Incontáveis conversas giram, mais do que entre exposições ideológicas articuladas, sobre uma questão de fé (ou a falta dela) na humanidade. Em quem é o herói ou o vilão de cada história.

É neste impasse que se inscreve o caso da demolição das barracas. Uma dança macabra em que argumentos se digladiam para decidir qual a injustiça maior. De um lado, pessoas que vivem na plena miséria. Do outro, famílias com vidas também bastante difíceis, que aguardam há anos por uma solução habitacional. Diga-se, não é, conceptualmente, um debate diferente daquele sobre quem deve aceder prioritariamente às creches, aos hospitais ou aos apoios sociais.

Eis o dilema então: se se realoja quem construiu ilegalmente, é injusto para quem cumpre a lei e espera anos na fila por uma casa; mas, se se expulsa sem alternativa, produz-se uma violência institucional inaceitável. O debate parece paralisado exatamente porque qualquer escolha nos deixa, moralmente, simultaneamente certos e errados.

Porém, quando é que este debate se tornou tão desesperançado que passe apenas por estabelecer uma hierarquia de sofrimento que decida se é moralmente mais correto passar à frente na fila ou ficar na rua? Ou, dito de outra forma, porque é que é possível argumentar que há um capital político superior na punição do que na tentativa da resolução dos problemas? Mais perturbador ainda, porque é que esta indignação se tornou global e a mesma raiva é expressa em várias línguas, em países com condições de vida tão diferentes?

Para quem tem pouco, o adágio tradicional invoca a sua sabedoria: ou há para todos ou não há para ninguém. Para quem um pouco mais tem, as redes sociais provocam um exercício permanente de comparação com ideais inalcançáveis que não podem dar outro resultado que não seja uma frustração acumulada, dia após dia. Para muitos outros, vive-se num vazio identitário profundo, num mundo em constante mutação tecnológica e social, onde as referências comuns se tornam difíceis de consensualizar. As democracias nunca calcularam bem o custo emocional do progresso. A liberdade individual, despida de papeis sociais lineares – sejam eles religiosos, familiares ou profissionais - vem acompanhada de uma desorientação social demasiadas vezes desvalorizada.

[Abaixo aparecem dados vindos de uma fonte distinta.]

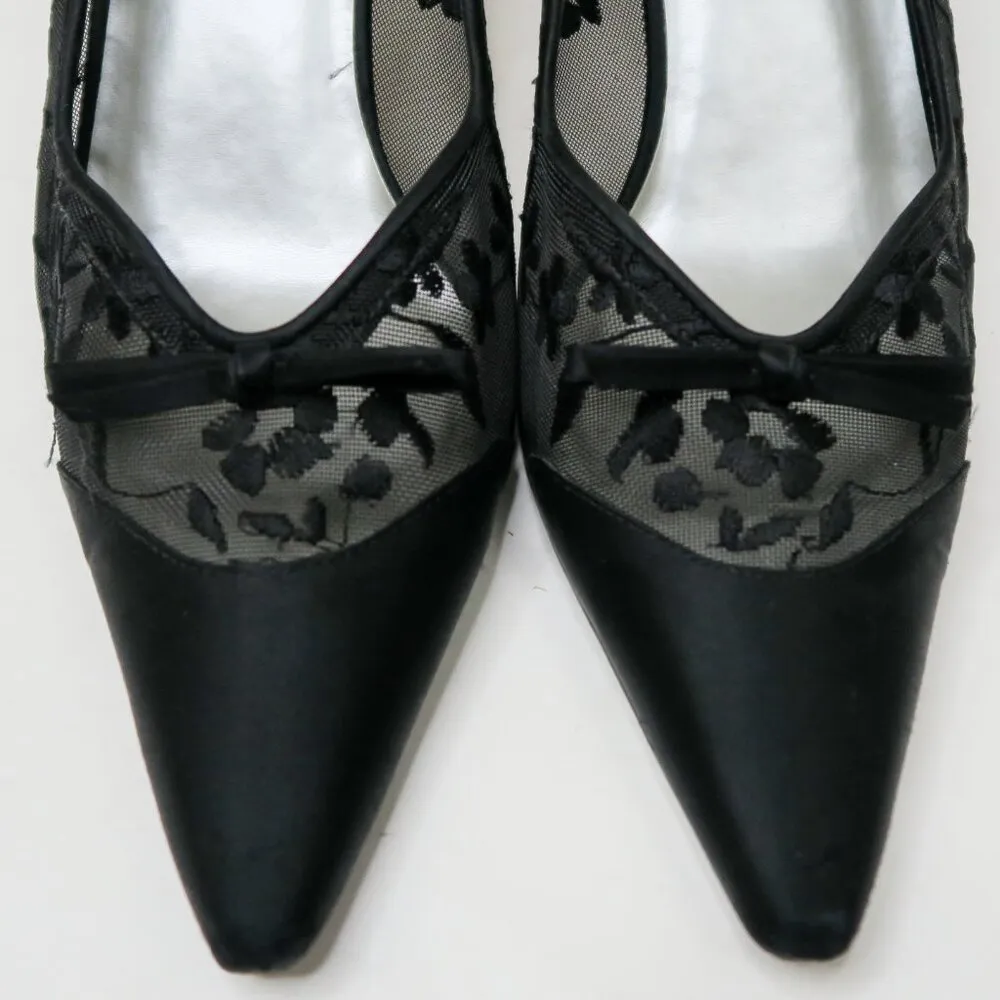 Vintage Y2K Karen Scott Black Floral Mesh Pumps - Image 5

Esta indignação ultrapassa fronteiras porque as estruturas de vida não são assim tão dissemelhantes na sua essência: insegurança material, sentimento de injustiça, solidão e falta de sentido de pertença não diferem substancialmente por alguma variação nas condições de vida de partida. As redes sociais aceleram e condensam esta experiência comum, tornando visível uma indignação partilhada que atravessa as diferentes geografias.

Quando se vive num estado permanente de desconforto, connosco e com os outros, natural ou promovido, é sempre mais fácil transformar um mal-estar difuso numa indignação dirigida para um inimigo comum, do que convocar os bons anjos da nossa natureza humana fundados na empatia e na comunhão cívica.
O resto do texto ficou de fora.